La solidez de un sistema bancario es resultado de políticas
macroeconómicas y estructurales que permiten una estrecha correlación
con el sistema financiero. En América Latina los procesos de
desregulación financiera no han sido muy exitosos, precisamente
porque no se ha tenido la visión para establecer una política económica
que posibilite la liberalización del sector financiero sin desestructurar
el sistema bancario. Ejemplo de ello ha sido Chile (Díaz, 1995) a
principios de los ochenta y Venezuela, México y Argentina en los años
90.
Por ello, en América Latina, se admite que independientemente de si
los sistemas bancarios están o no adecuadamente reglamentados y
supervisados, siempre serán vulnerables a los shocks
macroeconómicos. Éstos afectarán adversamente la demanda de moneda
nacional o la afluencia de capital internacional, pudiendo socavar la
capacidad de los bancos nacionales para financiar sus compromisos de
préstamos, conduciendo a una crisis a través de otras vías.

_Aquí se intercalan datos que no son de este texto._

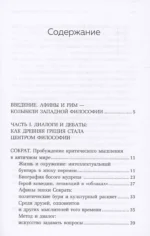 Философия Древней Греции и Рима. От Сократа до Цицерона и Аврелия — изображение 4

Un
incremento inesperado de depósitos bancarios o una afluencia de
capital extranjero puede desencadenar una bonanza de las actividades
crediticias de los bancos, al final de la cual éstos pueden encontrarse
con la falta de pago de muchos préstamos, lo que hace al sistema muy
vulnerable a un shock pequeño (Gavin y Hausmann, 1997, pp. 32-33).